In The New Republic, Robert Schlessinger convincingly explained the valorization of Bateman as a product of a specific niche culture, the “manosphere,” where anxiety about the decline of masculine authority fuels a celebration of macho strength in bodybuilding, a selective reading of ancient culture, and movies with rule-breaking antiheroes. As Schlessinger notes, “In the decades since he cut his swath across the silver screen, Bale’s satirical antihero has become an earnest hero in certain meme-ified, heavily male corners of the internet.”

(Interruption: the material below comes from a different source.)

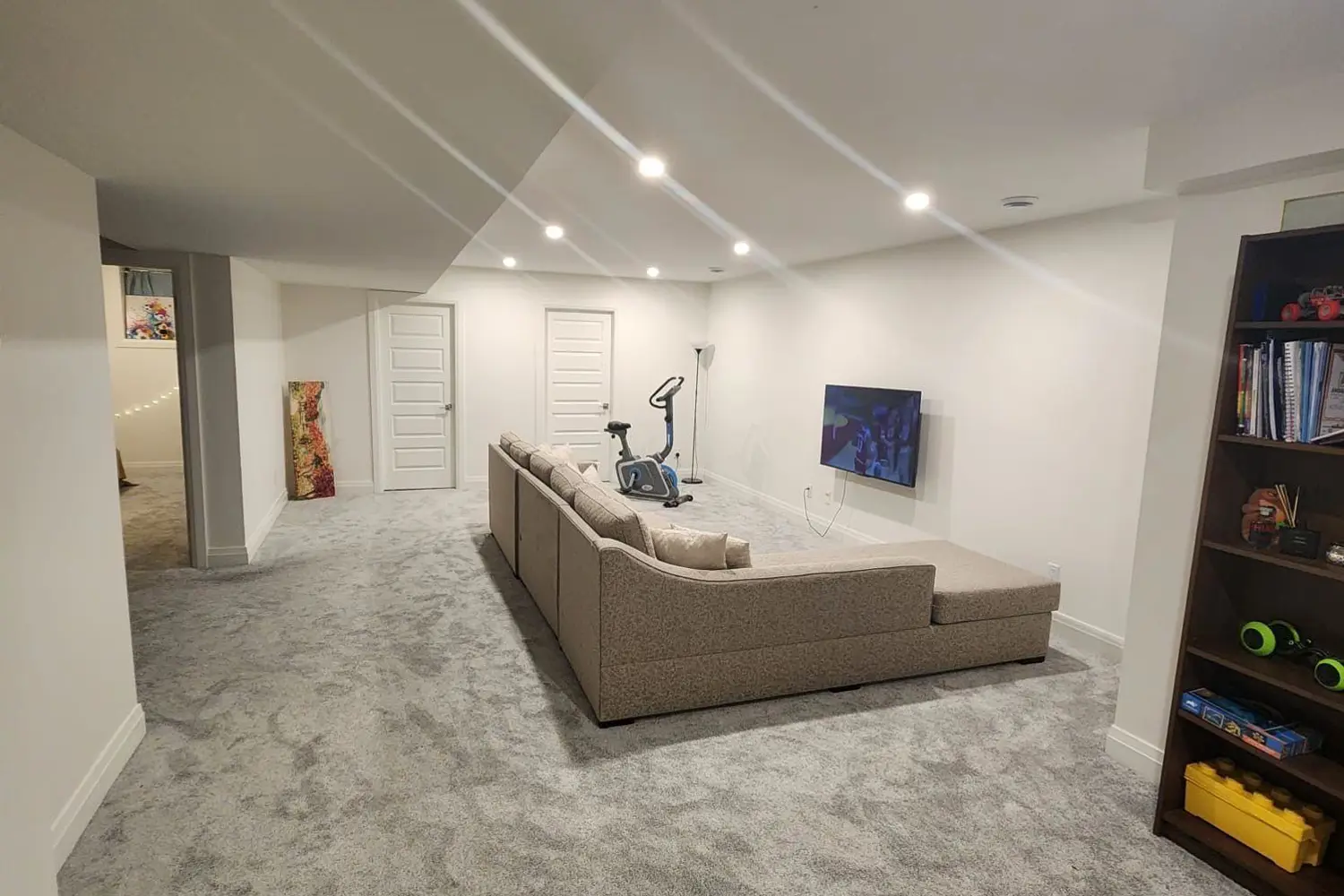 5 Eagle Court photo 4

Writing in Vice, Brad Esposito placed Bateman in the same category as “Fight Club’s Tyler Durden, later joined by Jaoquin Phoenix’s Joker and Leonardo DiCaprio’s Jordan Belfort: a collection of lost toys that young men—in age or experience—use as watermarks for identity.” The list of “broken toys” could be extended further to include the long line of goons and gangsters whom some people come to see as heroes to emulate: Michael Corleone in The Godfather films, Tommy DeVito in Goodfellas, and Tony Soprano on The Sopranos.

There is often an element of comedy to such lawless protagonists. American Psycho, both the novel and movie, are best defended as works of satire. But the satirical impulse can go rancid when used to defend bigotry.

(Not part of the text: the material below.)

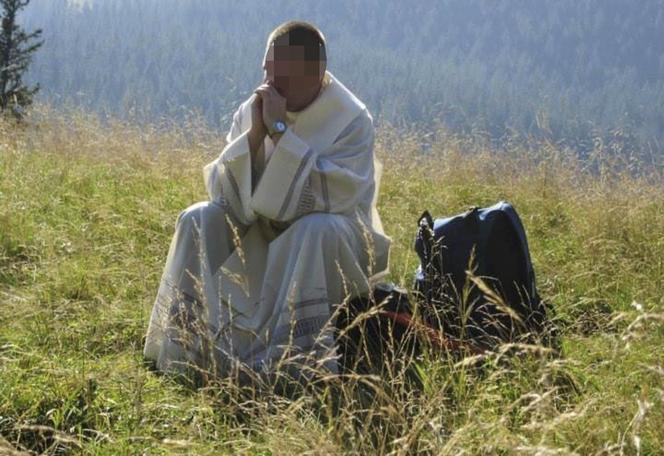 Zagadkowa śmierć księdza Grzegorza w basenie. Miał powiedzieć, że „musi się schłodzić”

Politico rightly describes the DeSantis ad as displaying an “irony-laden variety of homophobia.” The celebration of Bateman and other miscreants is a form of joking-not-joking, a use of irony to deflect criticism and analysis. In his classic book Anti-Semite and Jew (1944), Jean-Paul Sartre deftly observed that anti-Semites often resorted to the cloak of jokiness:

Never believe that anti-Semites are completely unaware of the absurdity of their replies. They know that their remarks are frivolous, open to challenge. But they are amusing themselves, for it is their adversary who is obliged to use words responsibly, since he believes in words. The anti-Semites have the right to play.

This “right to play” is the basis of much supposedly transgressive far-right humor that promotes bigotry with a wink and a nod.

Rogue male antiheroes often charm the audience by being agents of disruption and disrespect, giving the raspberry to respectable society by acting on primal instincts that are necessarily repressed in ordinary life. When fused with right-wing politics, such criminal antiheroes allow those who uphold hierarchy and the status quo to adopt the more appealing pose of being a rebel.

Trump himself—at least in the image he carefully crafted during his many years as an entertainer—is a rogue male of this sort: the tough-talking boss who plays by his own rules. In aligning himself with Patrick Bateman fanboys, DeSantis is not just challenging Trump but also trying to copy him. Unfortunately for DeSantis, Trump is a hard act to mimic. DeSantis is to Trump what Pat Boone was to rock and roll outlaws like Elvis: a pale, shallow imitation lacking in authenticity. That comparison is perhaps unfair to Boone, who at least had a singing voice. DeSantis is so far from the original that he comes across as not even Pat Boone but someone ineptly trying to sing a Boone song with a karaoke machine. Trump, to use an old adage, knows how to fake sincerity. DeSantis only knows how to fake fraudulence.

There is a lethal stench of overcompensation in DeSantis: The harder he tries to be Trump, the more fake he seems. Pretending to be Patrick Bateman isn’t going to convince anyone that DeSantis is a macho man.